Spreading depolarizations affect millions of people in the U.S., and for Bowman—whose wife lives with epilepsy—the work carries personal meaning. A deeper understanding of the mechanisms behind these events could lead to more effective treatments and prevention strategies down the road. “It’s been really cool being part of this research, knowing that I can help other people by learning more,” says Bowman.
Riley’s fascination with the brain led him to pursue neuroscience and join Dr. Ryley Parrish’s lab, while Bowman gravitated toward cell biology after connecting with Dr. Matt Bailey. Their paths converged when Parrish and Bailey realized that their research required skills neither lab had on its own: neuroscience and wet-lab experience on one side and computational and bioinformatics skills on the other. “We live in such a specialized world,” Riley remarks. “You get so good at something, and you just don’t have enough bandwidth to get that good at everything.”
To uncover what makes the brain susceptible to spreading depolarizations, Riley’s team induced seizures in brain slices, recorded the activity, and then passed the sectioned tissue to Bowman’s team. They then used single-cell transcriptomics to analyze the RNA of individual cells. After processing the data, one region of the brain consistently showed heightened activity during seizures. The students then compared it with another region using open-source datasets, revealing a striking difference: Piezo1, the mechanoreceptor ion channel gene, was expressed at higher levels in the more active region.
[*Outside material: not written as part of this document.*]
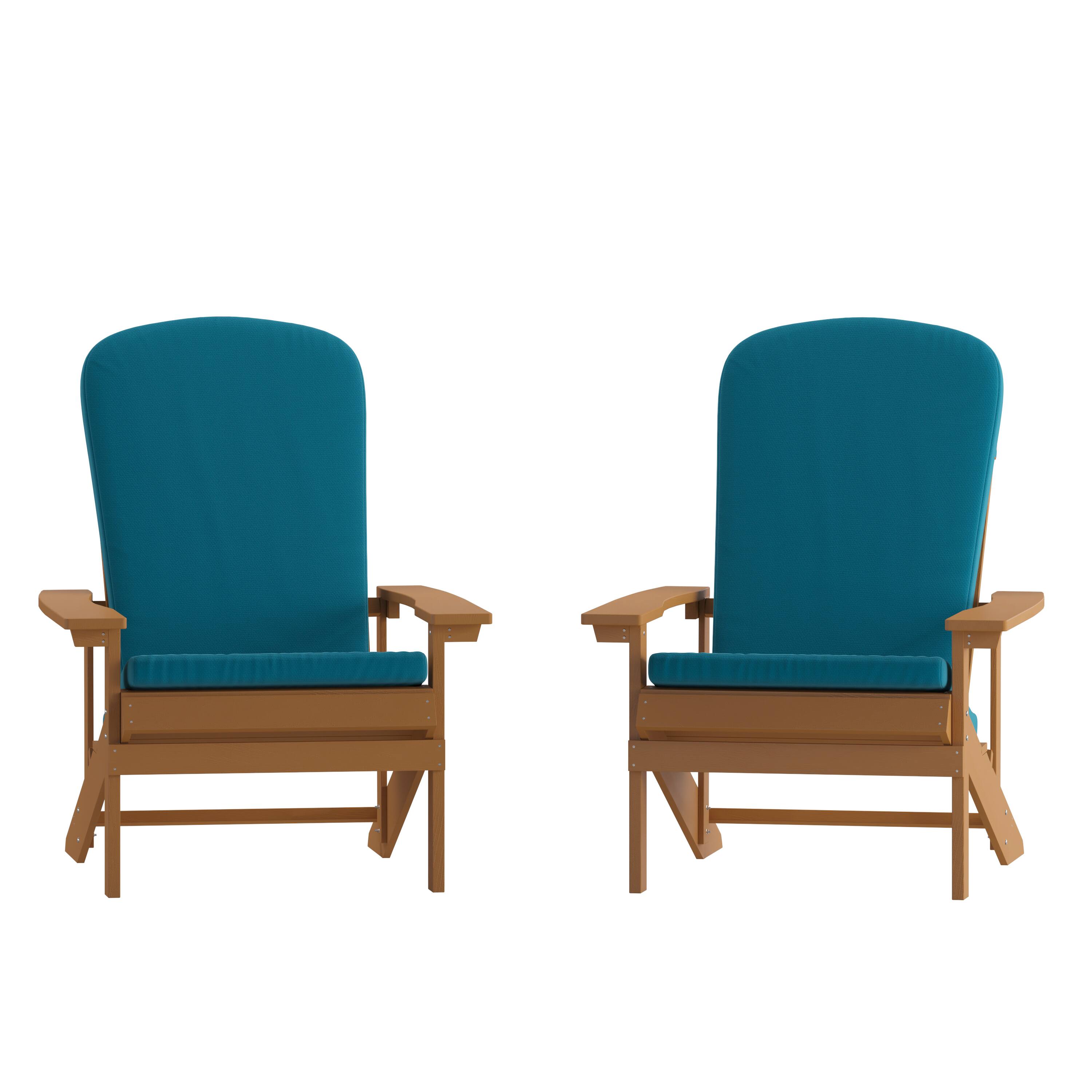 Teal Cushions/Teak Frame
Riley, Bowman, and their teams identified Piezo1 as a promising marker for predicting spreading depolarizations. Because Piezo1 regulates an ion channel that influences how easily neurons fire, the students hypothesized that it could play a major role in triggering these events. Their next step is to test compounds that block Piezo1 to see whether inhibiting the gene makes spreading depolarizations more or less likely.
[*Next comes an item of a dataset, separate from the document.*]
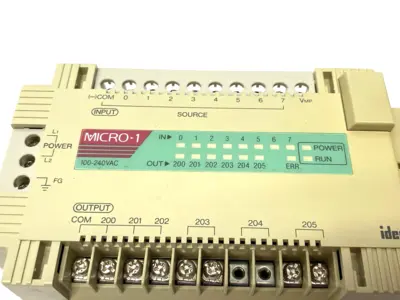 USED IDEC MICRO-1 CPU UNIT 8-INPUTS, 6-OUTPUTS, 600-STEPS PROGRAM CAPACITY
Riley recognizes their work as a crucial piece of a larger scientific puzzle, forming the kind of foundational knowledge that future breakthroughs depend on. “No increase in knowledge is ever going to be wasted,” he notes. This has given Riley a deeper respect for how hard-won scientific knowledge is, learning that research requires patience, repetition, and resilience.
Both students also acknowledged God’s hand in their work. Bowman’s faith has shaped his approach to research obstacles: “We’re going to have setbacks, we’re going to have struggles, but through Christ, we can go forward and move past these barriers.” Riley adds that the more he learns about the human body, the more he believes that nothing is accidental. He has seen “the fingerprints of an intelligent creator that knew exactly what He was doing” and that gives him confidence in his research.
Bowman and Riley’s scientific contribution won them first place in the cell biology category at the Life Sciences Research Conference. Though the award is reassuring, a sign that their research is on the right track, both Bowman and Riley acknowledge that the work itself is what matters. “Even if we’d gotten dead last,” Riley shares, “it wouldn’t change how I feel about the work.” For both students, it’s the research that gets them back into the lab each day and the potential it has moving forward.